700 Lincoln Homeowners no longer need flood insurance


Floodplain to shrink with completion of open channel 

The Joint Antelope Valley Authority (JAVA) has announced that the Antelope Creek floodplain in central Lincoln will shrink from a width of about 1,700 feet to less than 200 feet.  The Federal Emergency Management Agency (FEMA) has approved the floodplain map change, which means about 700 structures will no longer be in the floodplain, and flood insurance will no longer be required for projects in the area. 

The change is the result of the Antelope Valley Project, a  flood reduction project that included the construction of an open channel from Salt Creek Roadway to “J” Street.  The U.S. Army Corps of Engineers completed the channel construction last month.  Antelope Creek had been channeled into an outdated underground conduit, which has been in service since about 1920. 

The JAVA Partners – the City of Lincoln, the University of Nebraska – Lincoln and the Lower Platte South Natural Resources District (LPSNRD) – marked the milestone with a program today in the amphitheater of Union Plaza, a new park in the project area.  The Antelope Valley Project, which also includes traffic improvements and community revitalization efforts, has been funded with City, State, NRD and federal funds.  The celebration featured remarks by U.S. Senator Ben Nelson, who was praised by the JAVA partners for his work to secure federal funding for the project.
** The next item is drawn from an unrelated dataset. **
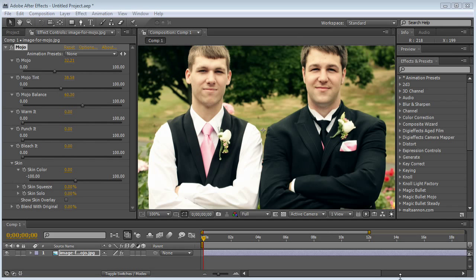Hey there, everybody. Topher Welsh here for VideoHive.net and VisualFXTuts.com. I'm going to go over some of the parameters for Magic Bullet Mojo from Red Giant Software today, because it is a lot easier for me to show you how this stuff works rather than write down a huge, long article. So let's jump right in.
The effective date of the new floodplain map is October 8, 2010.  FEMA posted a legal notice in the  Lincoln Journal Star June 3 and a 90-day comment period will follow the second posting June 10.    During that time, the public can  request that FEMA reconsider the base flood elevations based on  scientific or technical data.  The comment period ends September 7.   A second floodplain map change will be submitted to FEMA once additional projects are completed between 27th and South streets.  When all improvements are completed from Salt Creek Roadway to Holmes Lake, the floodplain will include only the immediate channel area and a few low-lying areas on public property.  A total of 400 acres will no longer be in the floodplain.

Antelope Valley traffic improvements include construction of 12 bridges and about six miles of roadway, including the  “Big X” elevated intersection near the Devaney Sports Center.  In addition to Union Plaza, revitalization efforts include construction of the new $50 million Assurity Life Insurance headquarters; several new housing projects; and infrastructure improvements in the residential neighborhoods.  Turbine Flats, a business incubator providing low-cost space to entrepreneurs, is the first private  research and development project in Antelope Valley, which is envisioned as a research and development corridor anchored by Innovation Campus to the north. 

More information on the Antelope Valley Project is available at lincoln.ne.gov (keyword: antelope).

 -U.S. Senator Ben Nelson:

“Driving through the City of Lincoln, I have been struck by just how expansive the Antelope Valley project is and how important it is to the continued growth and development of the Capital City.  It's not only beautiful, but it is practical and will result in economic development for the City.” 

Mayor Chris Beutler:

“The entire community can now see the major benefits of this investment in our community.  The Antelope Valley Project has changed the face of central Lincoln  in a way that will improve the quality of life for many future generations. This historic accomplishment could not have been achieved without strong partnerships like JAVA, strong leaders like Senator Nelson and outstanding community involvement over the last two decades.”

 UNL Chancellor Harvey Perlman:

“The Antelope Valley Project opens new opportunities for the University of Nebraska – Lincoln.  More available land for research and teaching facilities means more opportunities to help Lincoln and the state expand on the educational and economic advantages offered by UNL. The project also improves campus access and provides new connections to City trails for students, faculty and staff.”

 Glenn Johnson, LPSNRD General Manager:

“The threat of flooding from the 100-year flood event or one more frequent has been eliminated for most of the properties and residents of the Antelope Creek floodplain by this innovative project.   It is a real multi-purpose project in providing expanded recreation opportunities, and linear, green open space in the heart of the City, and serves to connect the City's trail network.  The Corps of Engineers has been a great federal partner, and it couldn't have been done without the diligence of Senator Nelson in securing the funding each year.”

 Tom Henning, Chairman, President and CEO of Assurity Life Insurance Company:

“The plan to remove the Antelope Valley's floodplain designation was crucial to our decision to building The Assurity Center, our company's new home office building in that area.  We are very appreciative of Senator Nelson's assistance in obtaining funding for the important work needed to effect this change.

 Tim Francis:

“As a property owner in Antelope Valley, I am ecstatic at not having to pay flood insurance and not having to worry about flooding.  I am excited to see the redevelopment going on adjacent to my property.”